Das Biest wurde im Halbfinale gegen Tsitsipas entlassen

TEnnis-Olympiasieger Alexander Zverev hat den Final-Einzug beim Sandplatz-Turnier in Rom verpasst. Der 25-Jährige fliegt am Samstag im Halbfinale gegen den Griechen Stefanos Tsitsipas mit 6:4, 3:6, 3:6 in gute Doppelstunden. Die WM in Tsitsipas triumphiert am Sonntag beim Masters-1000-Turnier in Italien über den Serben Novak Djokovic oder den Norweger Casper Ruud.

Weltranglisten-Dritte Zverev genießt im Krieg das Duell gegen die beiden Plätze am meisten Tsitsipas ein guter Anfang, das erste Mal. Doch im zweiten Durchgang kam der 23 Jahre alte Grieche immer besser ins Spiel, Zverev leistete sich dagegen zu viele Fahler. An der richtigen Stelle hat Tsitsipas ein etabliertes Break im Spiel – das Biest spielt mit seiner wahnsinnigen Anzahl an Spielern sein Tor gegen den Breakball.

In der dritten Jahreshälfte, in diesem Jahr, werden die beliebtesten Weltklassespieler Griechenlands nicht zu ihrer zweiten Hälfte eingeladen. In Madrid wurden vor einer Woche in drei Wochen Bestien getötet, und in Monte Carlo wurde Tsitsipas in zwei Tagen getötet. Insgesamt ist es der richtige Ort für griechische Tennisprofis.

Nach dem Match gegen Tsitsipas im Vorkriegskrieg der Bestien hat Madrid im Finale gegen den spanischen Jungstar Carlos Alcaraz die Chance zu gehen. Für die French Open am 22. Mai haben auch die Olympioniken Luft nach sich.
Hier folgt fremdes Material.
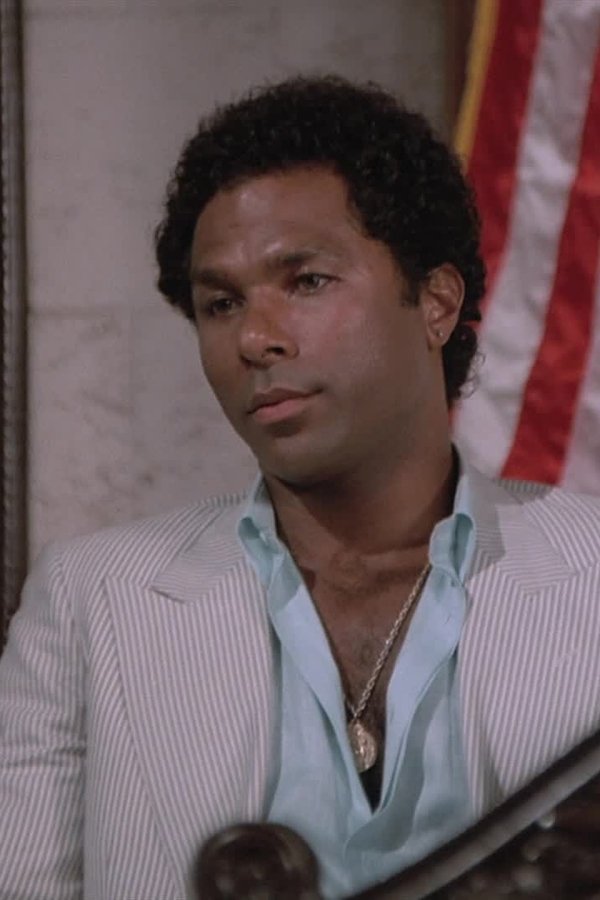 Miami Vice – S01E10 – Episodio 10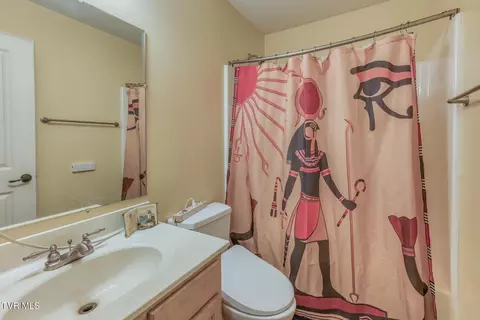 Bath - 87 Lorena Lane Jonesborough Tn 37659, Jonesborough, TN 37659 photo 1 of 3
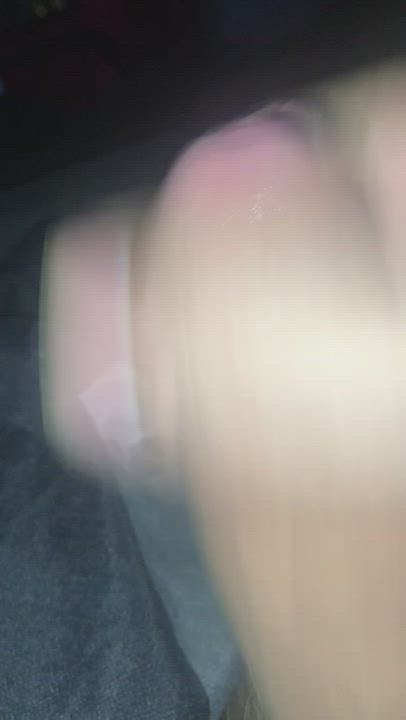 Cum Jerk Off Solo clip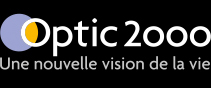 OPTIC 2000 BULLE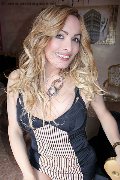 Foto Nadia Grey Annunci Trans Potenza 346 7800341 - 426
Wen kann Iga Swiatek treffen?

Iga Swiatek hielt nicht an: Die Tennis-Weltranglistenerste aus Pollen zog mit ihrem 27. Sieg in Serie ins Finale des WTA-Turniers ein Rom a Am Sonntag gewann er seinen Lieblingstitel. Im Halbfinalspiel konnte Aryna Sabalenka (Weißrussland) zum 6:2, 6:1 punkten.
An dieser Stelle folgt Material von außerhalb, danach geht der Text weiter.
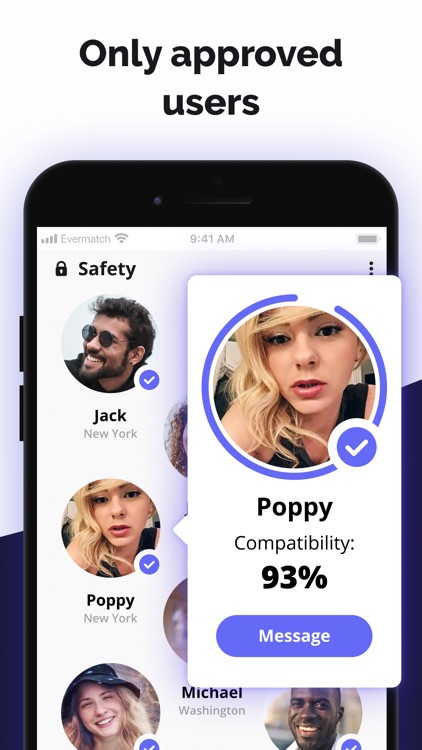 Völlig kostenlose dating-apps für das iphone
Mit ihrer Serienreihe will Swiatek nicht lange auf sich warten lassen. „Wenn du spielst, wenn du heute ein Spiel spielst, hast du keine Zeit zum Feiern“, sagte er: Das ist schwierig. Aber ich weiß, ich will unbedingt dabei sein.“

Der 20-Jährige nach der Rückkehr des Australiers Ashleigh Barty Die Spieße im Ranking werden übersehen, das ist die Woche der dominierenden Spieler auf der Tour. Nach der Reise nach Doha, Indian Wells, Miami und Stuttgart gibt es eine Pause in Madrid – und spielt wieder in Rom.
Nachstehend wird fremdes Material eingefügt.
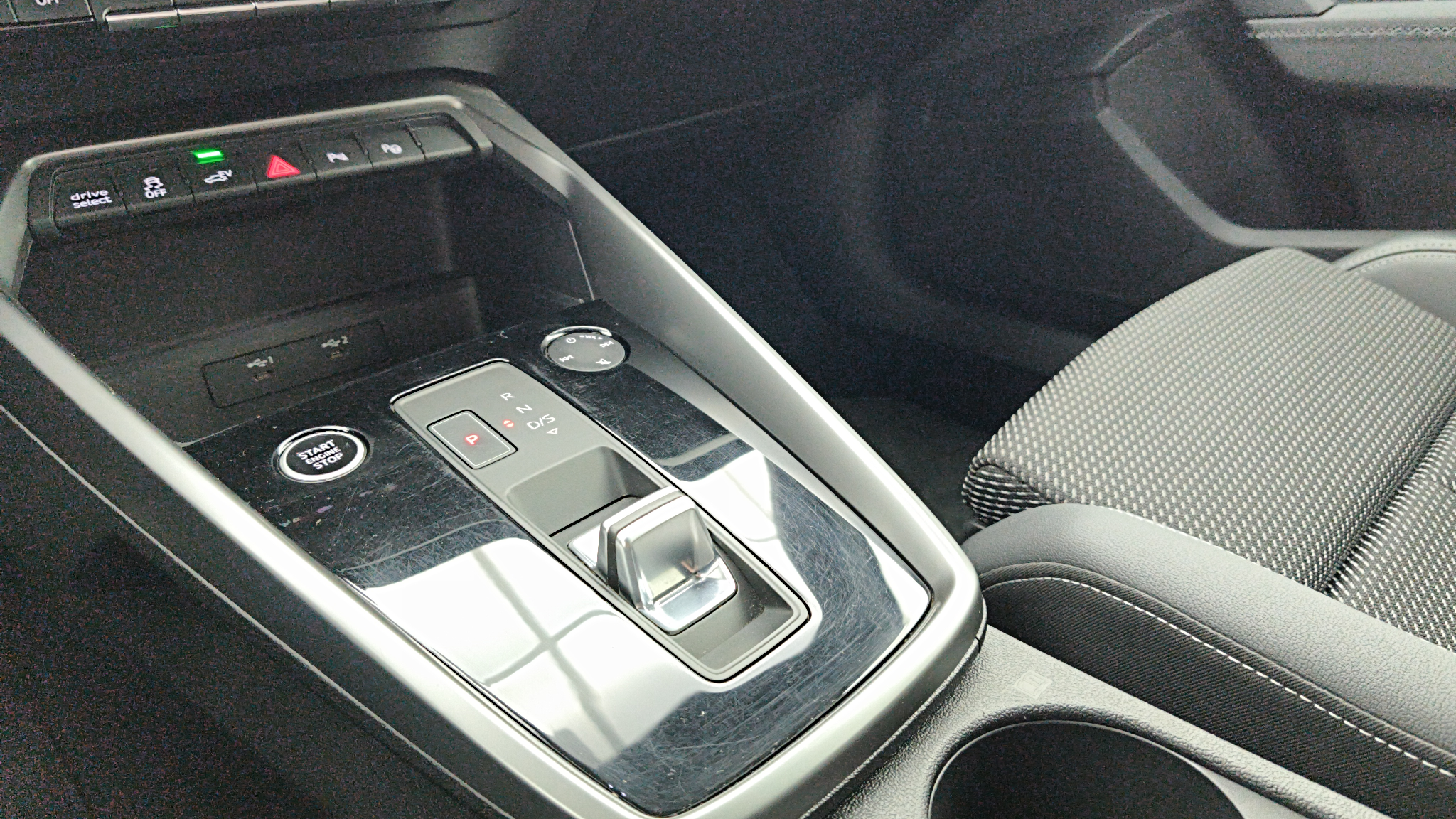 scala-auto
Für die French Open in Paris (ab 22. Mai) gilt Swiatek als großer Favorit, Roland Garros hat den Grand-Slam-Titel 2020 gewonnen. Im italienischen Forum geht es um den Titel der Weltmeisterin im Finale um die Madrid-Siegerin Ons Jabeur (Tunesien).

27 Serien in der Serie schlüpfte US-Star Serena Williams 2014/15. Bis zur Bestmarke bei den Frauen ist es für Swiatek aber noch ein eiter Sieg: 1984 blieb Martina Navratilova 74 Spiele in Folge ungeschlagen. In den Jahren 1989 und 1990 reichte Steffi Graf 66 Siege aneinander, ehe sie im Finale von Berlin von Monica Seles gestoppt wurde.